According to counts by Oregon school districts, education service districts and state education agencies, there were 570,857 students enrolled in K-12 public schools last fall, an increase of 3,759 students, or 0.66 percent, over 2013-14 enrollment.

Statewide, nonwhite students represent 36 percent of the student population, and the fastest-growing subgroup continues to be Hispanic students, who represent 22 percent of the overall student population. 

“Oregon’s demographics are changing. As a state, we must achieve significantly better outcomes for students of color if we want to see our achievement results increase statewide,” said Deputy Superintendent Rob Saxton.

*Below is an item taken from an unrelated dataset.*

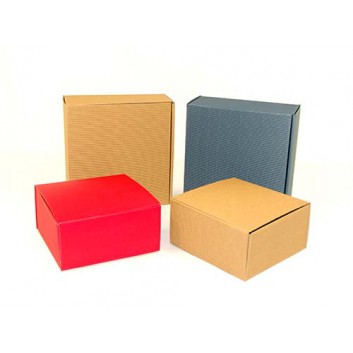  Präsentkarton, 1-teilig; 200 x 200 x 100 mm / 250 x 250 x 120 mm; uni; verschiedene Farben; Klappschachtel ohne Einlage; offene Welle 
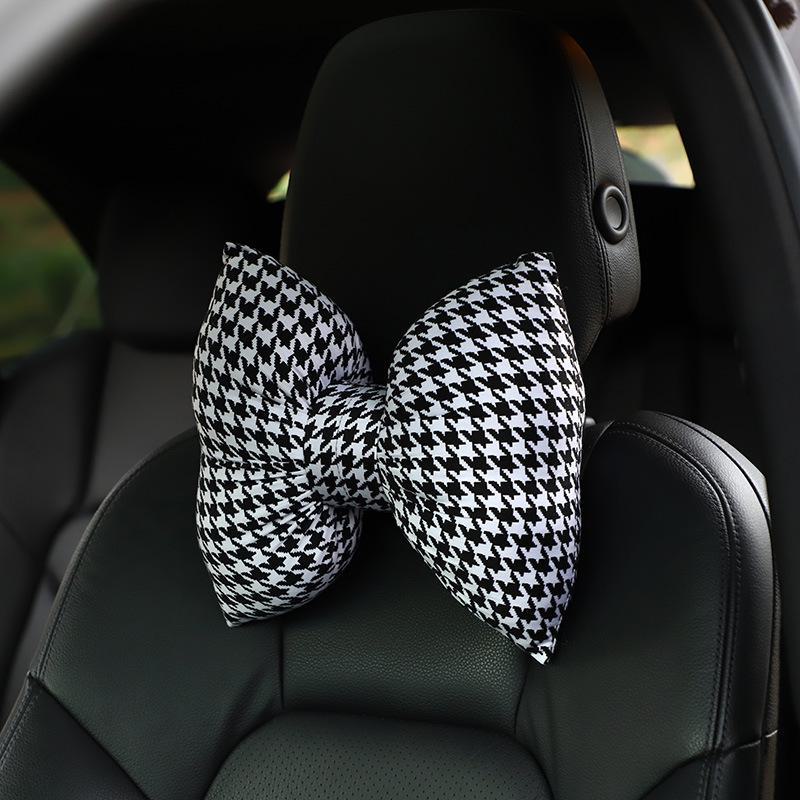 Houndstooth Bow Car Headrest Neck Pillow & Waist Pillow Set - Cute Car Interior Accessories for Women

“Our state is working to address these needs with the governor’s strategic initiatives designed to help close achievement gaps, better support students and more actively involve historically underserved communities and families.”

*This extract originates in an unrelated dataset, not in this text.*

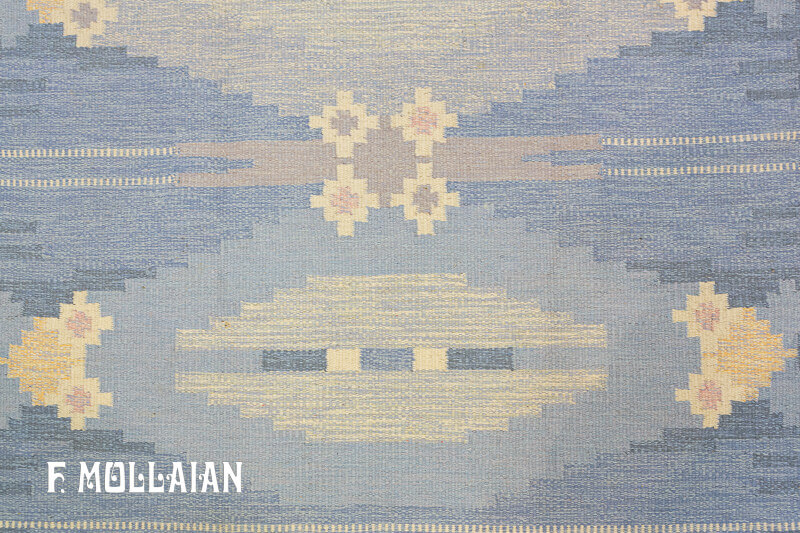 Semi-Antique Swedish Kilim n°:14040292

Hillsboro is the state’s fourth-largest district with 20,884 students, almost 19,000 fewer students than the state’s next largest district, Beaverton.

Portland continues to be the state’s largest district with 47,647 students, followed by Salem-Keizer with just over 40,500.

Hillsboro was one of just two districts in the state’s top 10 largest districts that saw a slight decline in enrollment this year, down 0.42 percent. Bend-LaPine — the state’s sixth largest district — grew by 1.75 percent.

Hillsboro’s student population is 51 percent white and 49 percent students of color. Of those 36 percent are Latino/Hispanic.

Individual Hillsboro elementary schools show a wide disparity in percentages of Latino student populations. W.L. Henry, Reedville and Lincoln Street have the highest Hispanic student populations with 86, 80 and 73 percent, respectively. North Plains, Jackson and West Union have the lowest, at 11, 15 and 16 percent, respectively.